Many students tend to dislike "group activities" in courses. But the online collaborative learning activities that we are going to have in our course are very different from typical group activities you might have gone through in other courses. First some background.

Research with children has shown that the best way for people to learn something deeply is by discussing it with their peers. You might say, isn't that obvious? What is so unusual about that? Two things: First, the discussion must be among peers and should not involve someone like a teacher; the reason for this is that if a teacher is involved, then most students in the group simply accept whatever the teacher says and don't think deeply about the topic. But when it is only peers, you have to listen to what the others in the group are saying and try to understand them and analyze what they are saying because you might be wrong and one of them might be right; but you can't blindly accept anything any of them says because they might all be wrong and you might be the one who has the right idea/answer! So you have to evaluate what everyone is saying, then decide which answer is best; in the process, you develop deep understanding. Second, the group of peers must involve students who have different ideas about the topic/problem being discussed. After all, if they all had the same idea/answer (independent of whether it is right or wrong), there would be nothing for them to discuss, right?

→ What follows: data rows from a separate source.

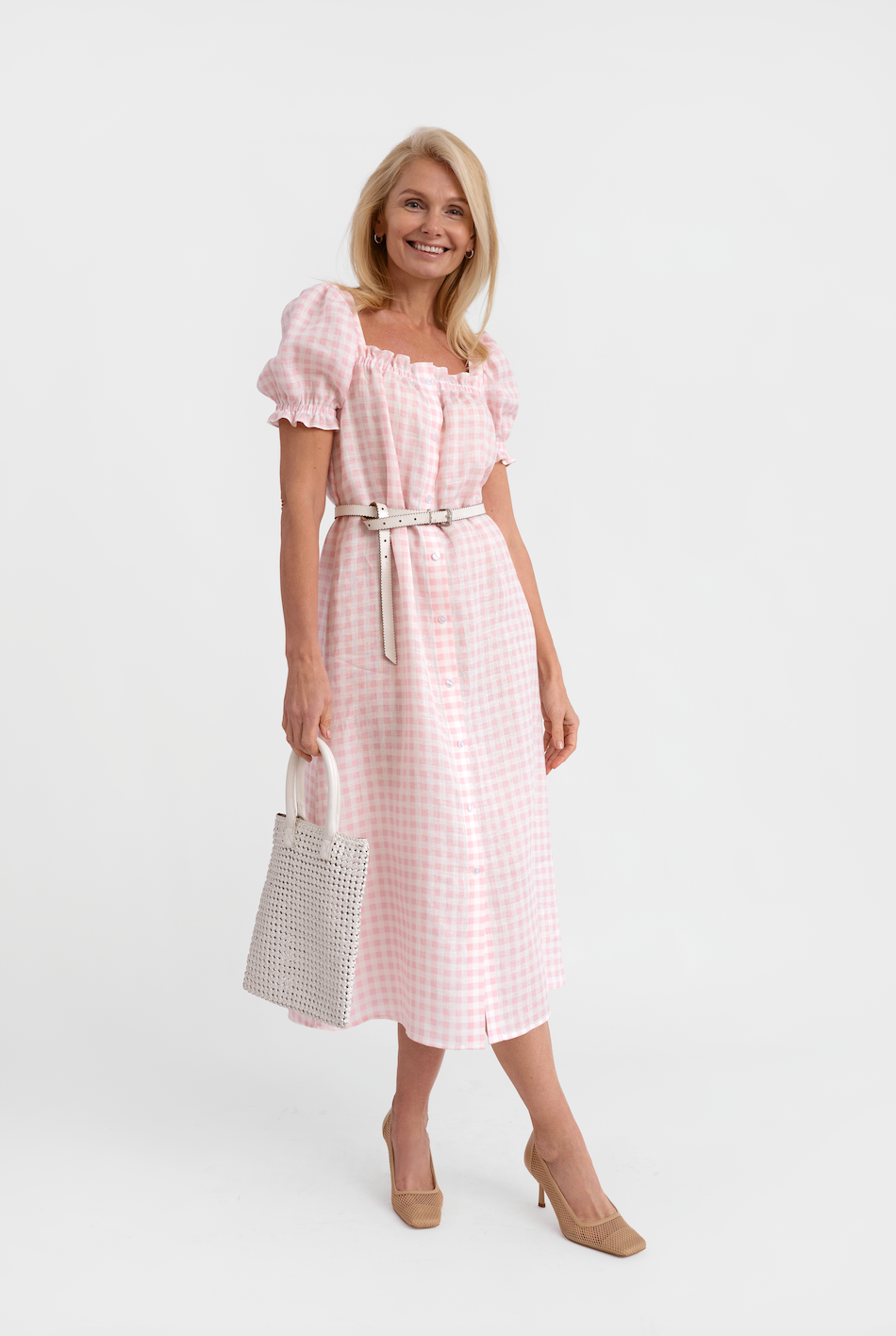 Front view of Brigitte midi dress in pink vichy showing ruffled neckline, puff sleeves and belt on white background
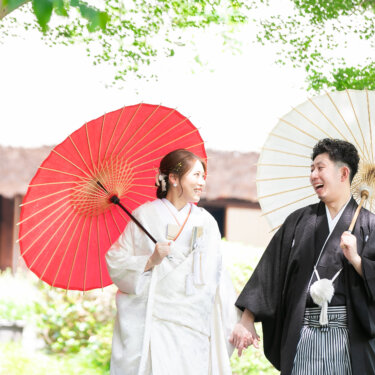 茅葺き屋根の古民家を背に、和傘を手に顔を見合わせて歩く白無垢の花嫁と紋付袴の新郎。緑あふれる和装ロケーションフォト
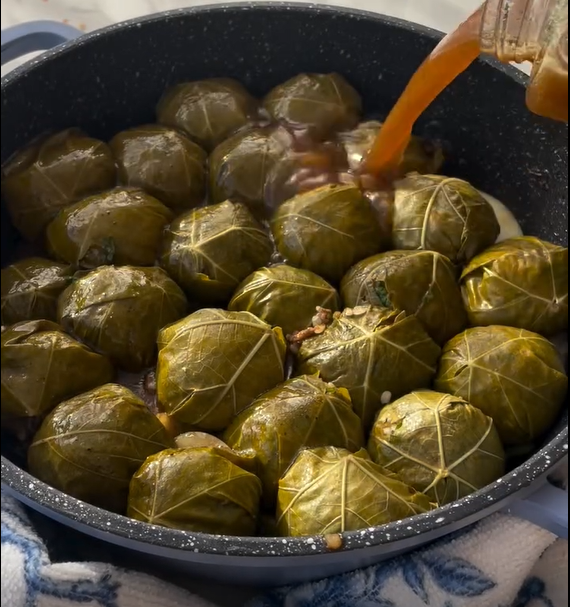 Place leaf flat (shiny side down), add 1 tsp filling near stem, fold sides, and roll tightly.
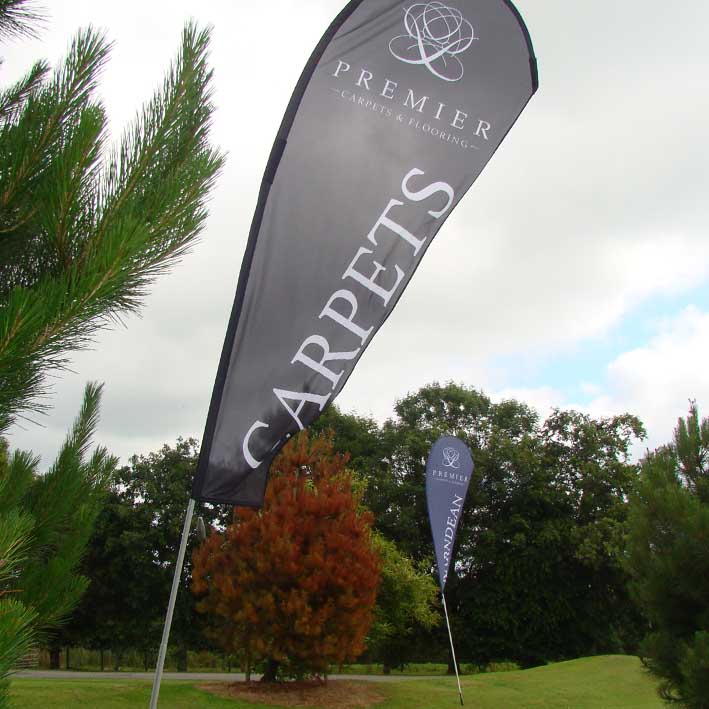 Printed feather flags by More Creative at golf course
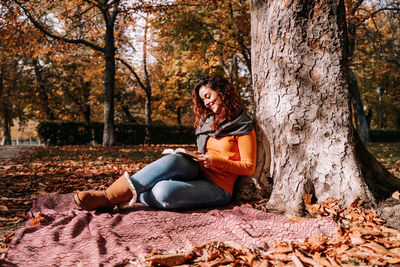 Young woman sitting on tree trunk during autumn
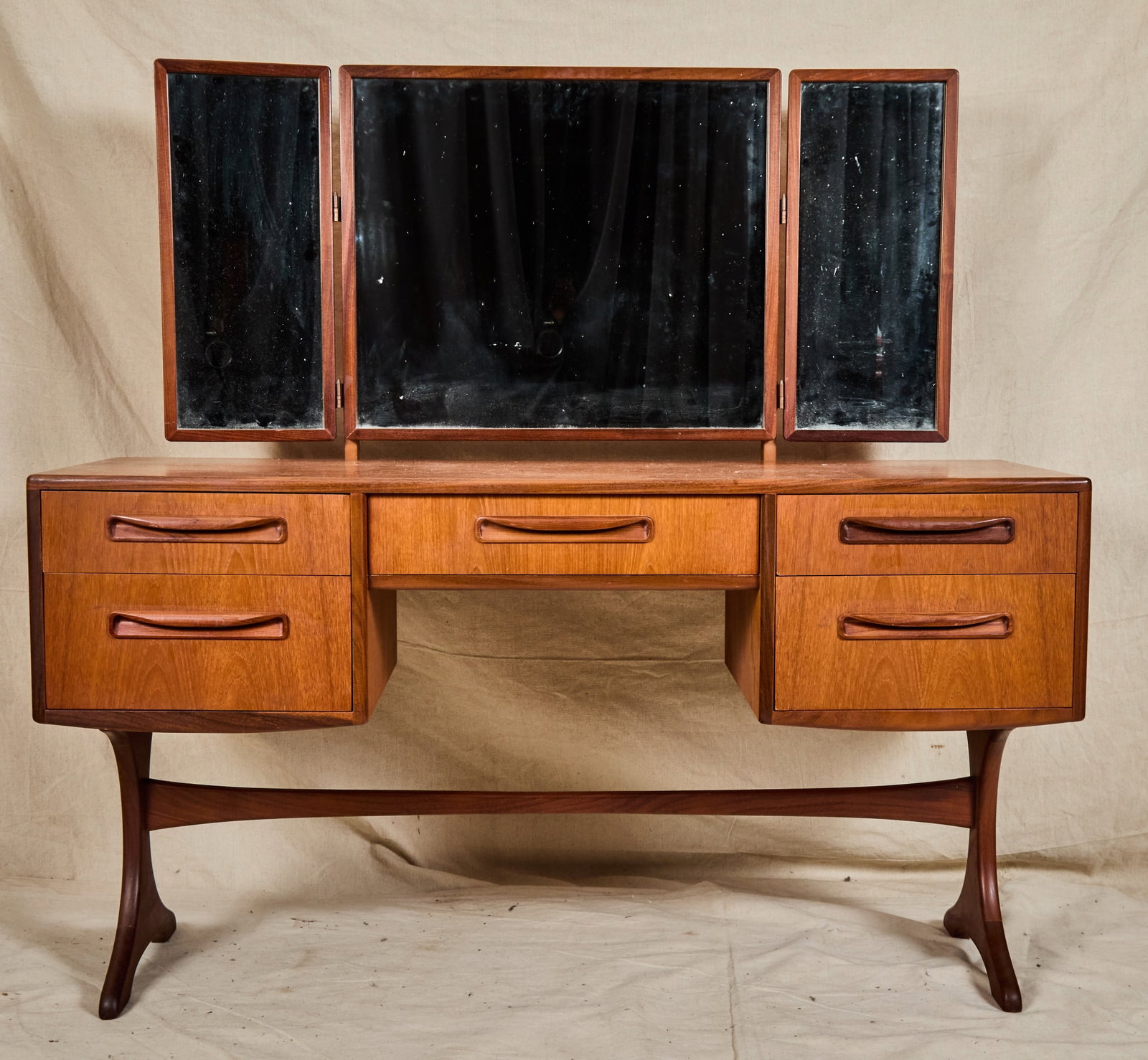 G PLAN MID-CENTURY "FRESCO" VANITY: Triptych mirror, wishbone stretcher base. Labelled inside drawer. 51 1/2 x 54 x 18 inches.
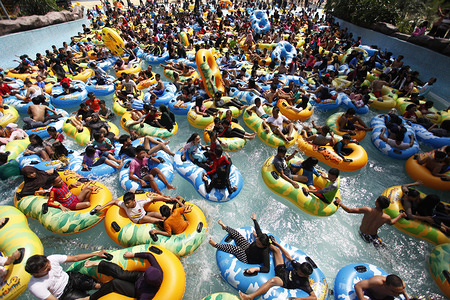 Visitors are seen playing on the waves in the water tourism area of ​​'The Jungle Adventure' in the City of Bogor. The Jungle Adventure water tourism is included in the top 10 best water tourism categories in the Asia Pacific in 2018, targeting 100 thousand of visitors during the school holiday and Christmas Day.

One other surprising point: it turns out that even if everyone in a group starts out with a wrong answer (but different wrong answers!), then, by the end of the discussion, several of them will get to the correct answer! How is that possible? It seems that when you analyze other people's wrong answers to see why they are wrong and you listen to their analysis of why your answer is wrong, that forces you to fundamentally rethink the whole thing and, in that process, you often get to the right answer.

3. The CONSIDER Approach

But there are numerous problems in having such a discussion in a college classroom, such as: we will have to form these small groups of 4-5 students each with each group including students with different ideas about the given topic, make sure that one or two people in a group don't dominate the discussion in the group (as often happens), devote (scarce) classtime to the discussion which means the groups can't really get into extended discussions, etc. People have tried this in some college classrooms but, because of all these and other problems, with limited success.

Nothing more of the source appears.